The current hot topic in the boating blogosphere and the virtual Canalworld is the forthcoming election of four boater representatives to the Council of the new charity, the Canal & River Trust (very important, that ampersand, because other wise it would form the acronym CART, and that would never do).
Now the first thing to say, is no, I will not be standing; I think there will be plenty of worthy candidates without me plunging back into the murky and shark infested waters of electoral politics. My experience thereof though does lead me to wonder about a couple of points. The first is that with only ten proposers needed for a nomination, no deposit required, and approximately 30,000 people eligible to be candidates, the ballot paper is likely to be a very long one.
The second thought is slightly more complicated and intractable. In most elections, candidates are limited, in the interests of fairness, to a single manifesto statement (in this case, a very brief one of 150 strictly enforced and very precisely counted words). In internal elections in which I have participated (for example, party selection processes) any additional attempts to communicate with the electorate were deemed grounds for disqualification. In local and national elections, this is effectively imposed by very strict limits on candidates' spending - the exceeding of which can not only lead to disqualification, but a prison sentence.
Limiting candidates' communications with the electorate can be controversial - for example, in that internal party election I argued (unsuccessfully) that the ability to communicate effectively and garner votes was an important factor in selecting a candidate, and candidates for selection should be allowed to demonstrate this. But the counter arguments also carry weight: limiting everyone to the same number of words or the same level of spending means that no one should gain an unfair advantage from being able to afford to print more leaflets, or having friends in the press.
What happens to this principle however in the internet age? The prospective candidates whom I am already aware of are either high profile bloggers or prolific contributors to Canalworld, or both - that, by definition, is why I am aware of them - whereas there will be other candidates whose names I shall see for the first time on the ballot paper, and about whom I shall know no more than they can express in 150 words. Those I do already know, I happen to think highly of, and will very likely vote for. But does that mean that the other, lower profile, candidates have been unfairly disadvantaged?

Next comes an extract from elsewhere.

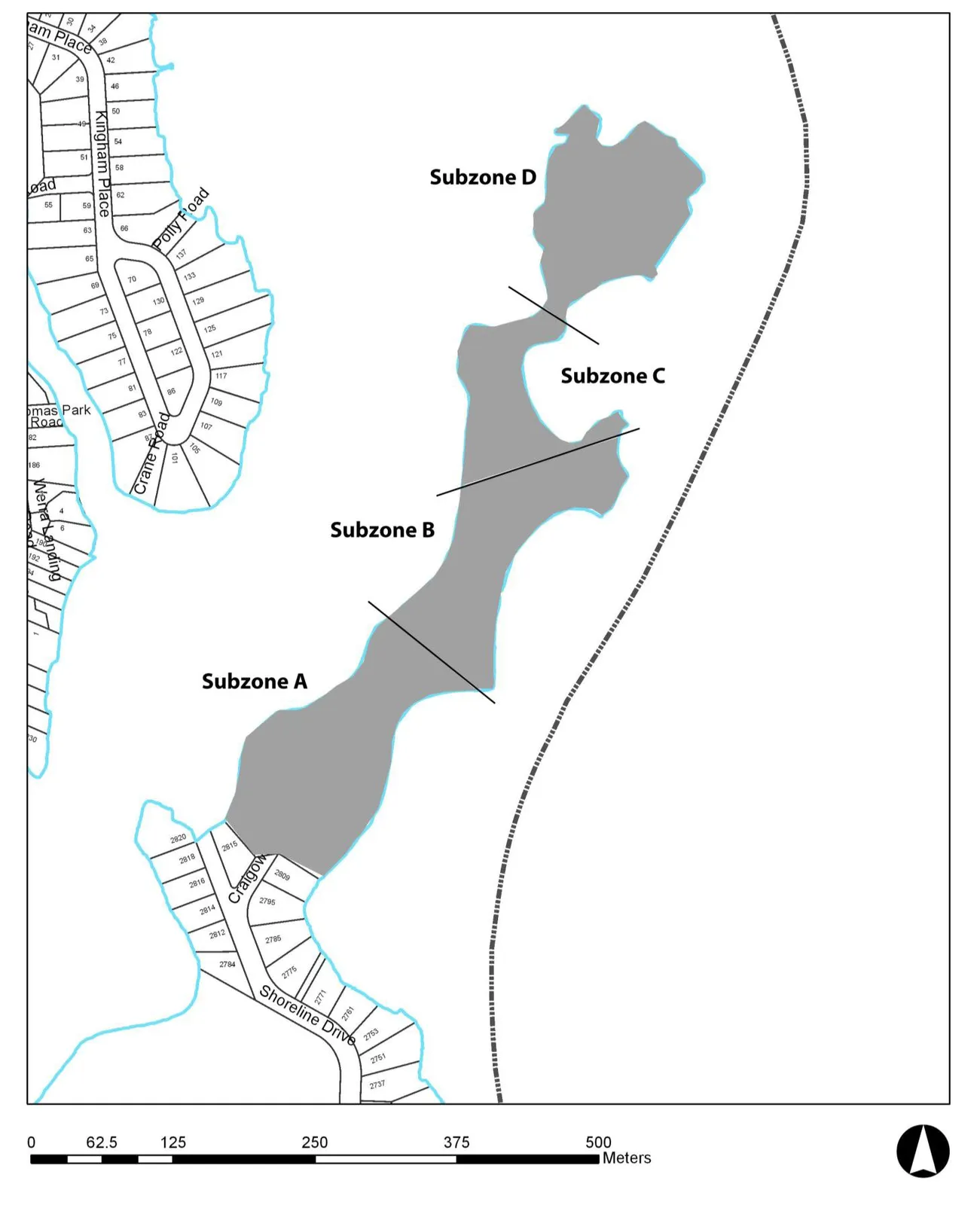 Map showing the division of the Christie Point area into Subzone A, Subzone B, Subzone C, and Subzone D, including surrounding streets such as Shoreline Drive, Craigowan Road, Crane Road, Polly Road, and Kingham Place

Disadvantaged they will have been, without a doubt, by not having a pre-existing base of support and established platform to communicate their message; but is that unfair? Or might we say that someone who has already proven their ability at communicating with a large number of people, and who has been and will be in contact with a broad range of fellow boaters, is by virtue of this likely to be a better representative?
In the meantime, shall we have a sweepstake on how many candidates there will be for the four boater rep. positions? I'm going to pluck a figure out of thin air and go for thirty eight. Leave me your guess in the comments, I'll record them all, and the one nearest the actual figure gets a prize of some sort.